Verbatim copy without images: repeat the records in full.

━━ PROVIDED INFORMATION

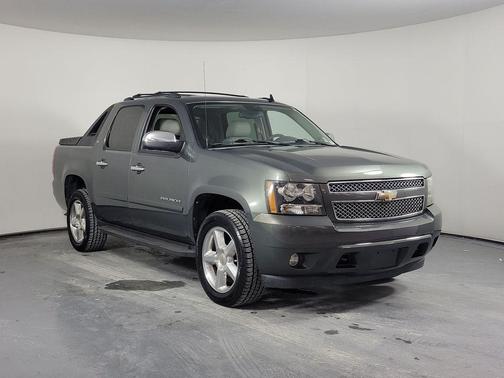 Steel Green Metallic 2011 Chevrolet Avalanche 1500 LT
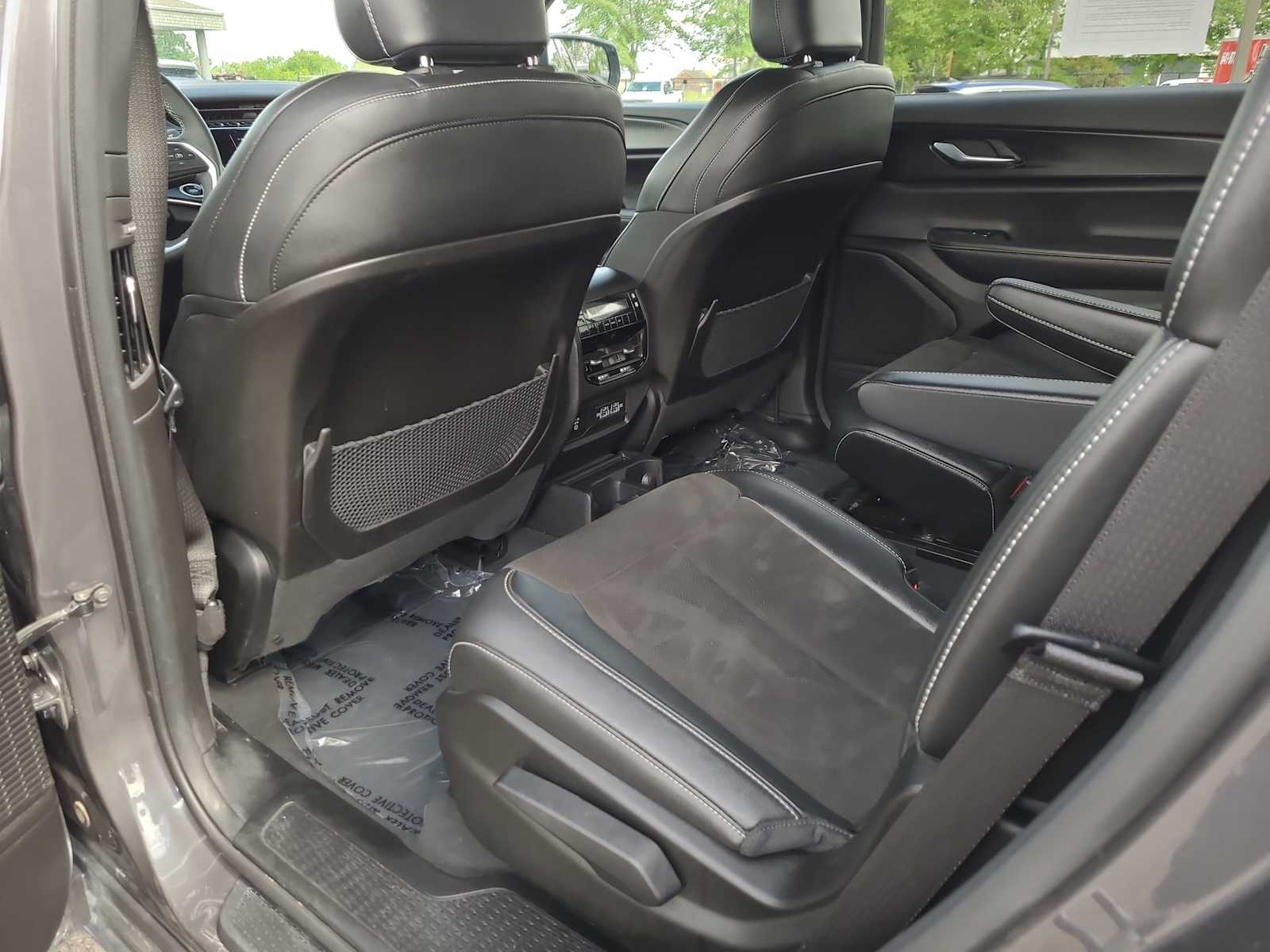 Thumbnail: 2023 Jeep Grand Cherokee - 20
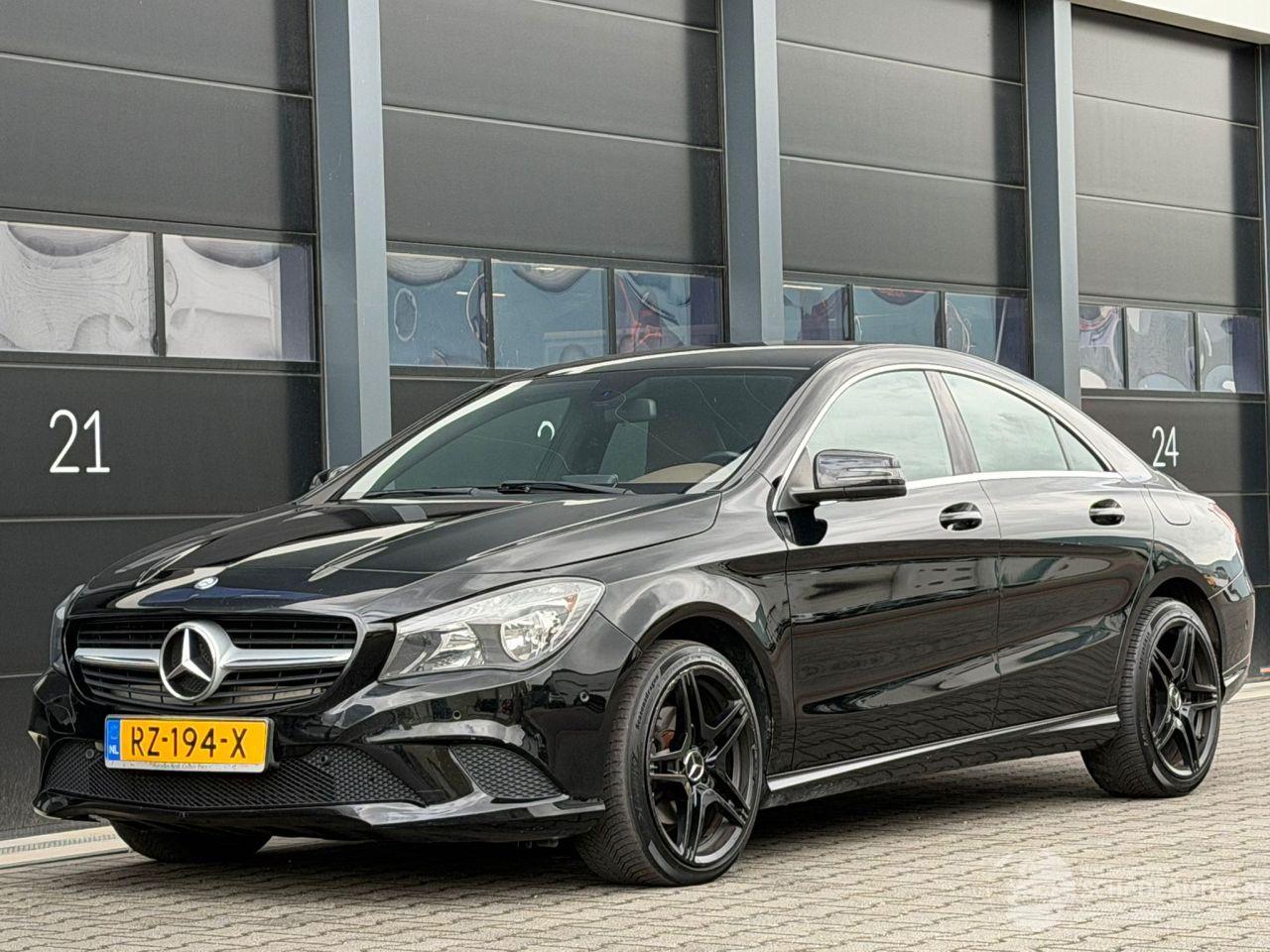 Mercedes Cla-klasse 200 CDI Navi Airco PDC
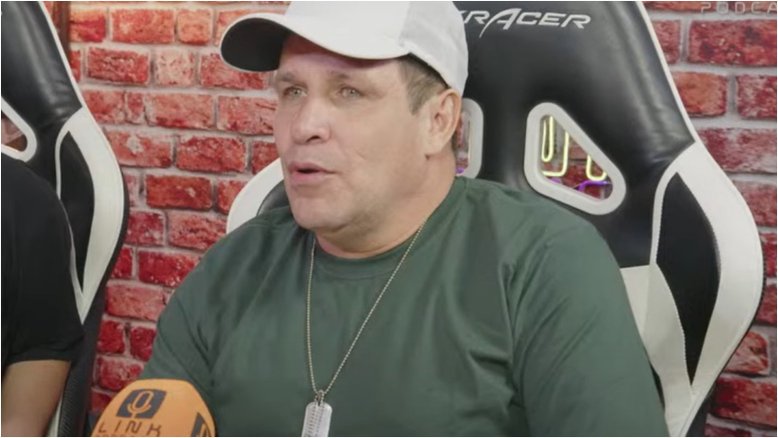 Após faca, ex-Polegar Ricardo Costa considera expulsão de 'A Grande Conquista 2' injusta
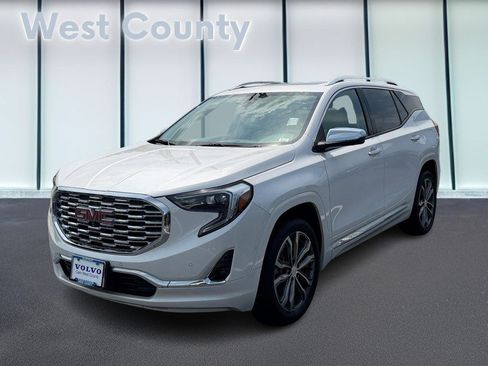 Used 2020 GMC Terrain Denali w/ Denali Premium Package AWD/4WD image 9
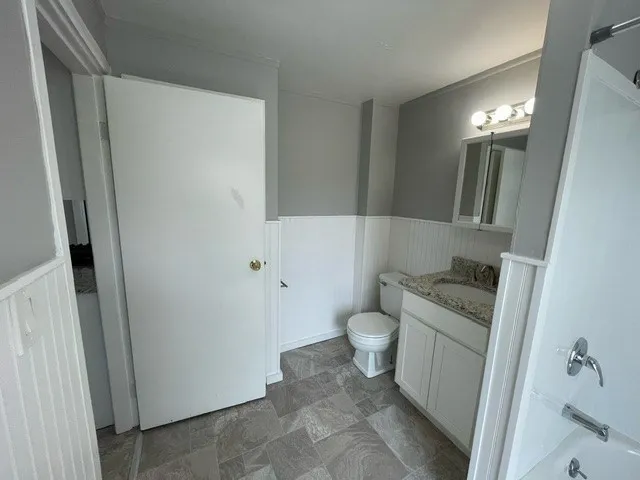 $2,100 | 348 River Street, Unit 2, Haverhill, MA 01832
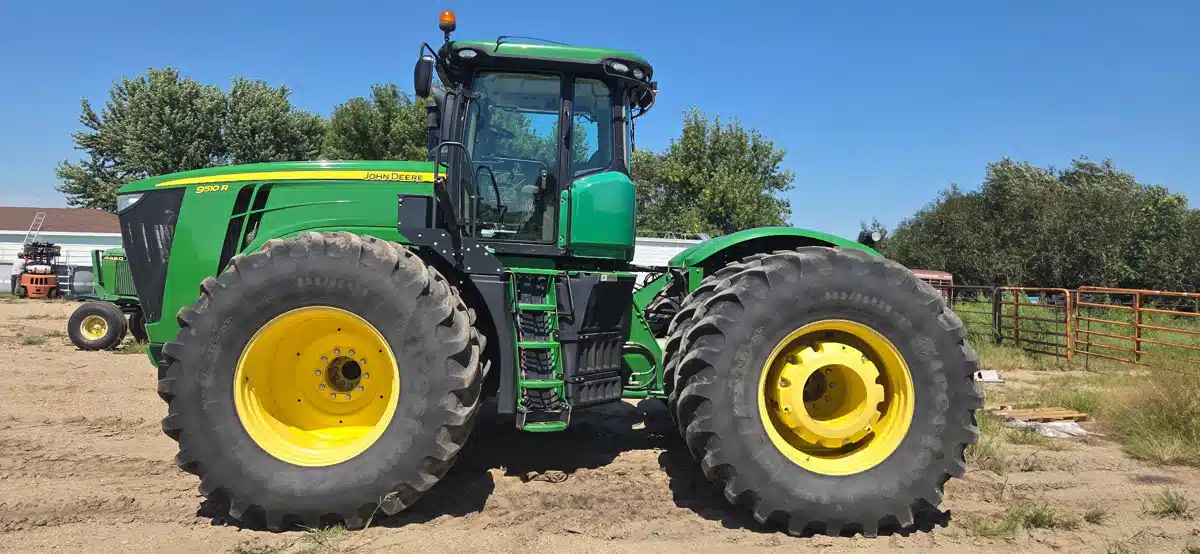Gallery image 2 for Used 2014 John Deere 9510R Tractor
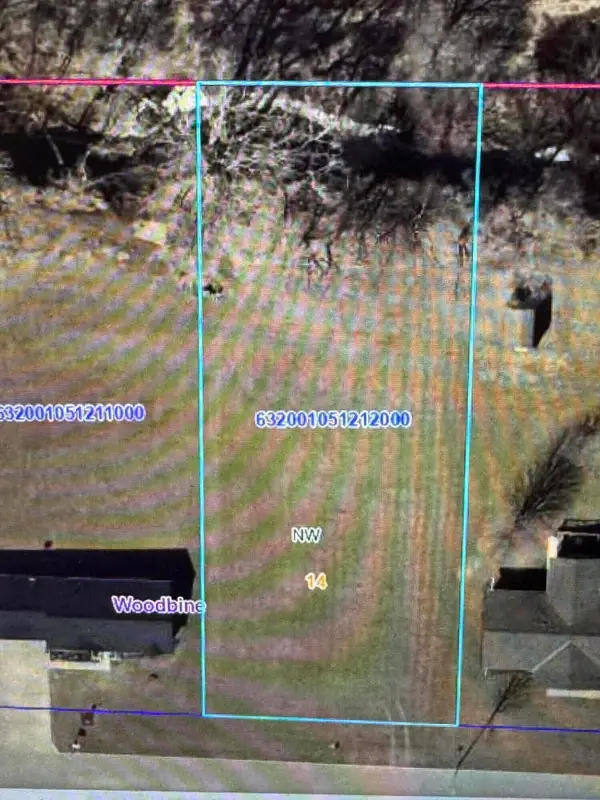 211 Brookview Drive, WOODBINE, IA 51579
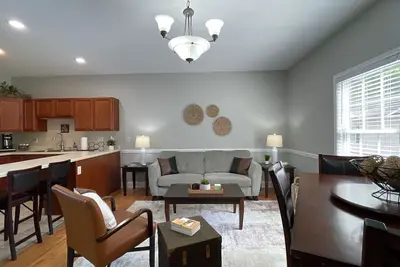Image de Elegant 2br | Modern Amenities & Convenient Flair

━━━━

▶ [SOLUTION TO THIS PROBLEM]
 Steel Green Metallic 2011 Chevrolet Avalanche 1500 LT
 Thumbnail: 2023 Jeep Grand Cherokee - 20
 Mercedes Cla-klasse 200 CDI Navi Airco PDC
 Após faca, ex-Polegar Ricardo Costa considera expulsão de 'A Grande Conquista 2' injusta
 Used 2020 GMC Terrain Denali w/ Denali Premium Package AWD/4WD image 9
 $2,100 | 348 River Street, Unit 2, Haverhill, MA 01832
Gallery image 2 for Used 2014 John Deere 9510R Tractor
 211 Brookview Drive, WOODBINE, IA 51579
Image de Elegant 2br | Modern Amenities & Convenient Flair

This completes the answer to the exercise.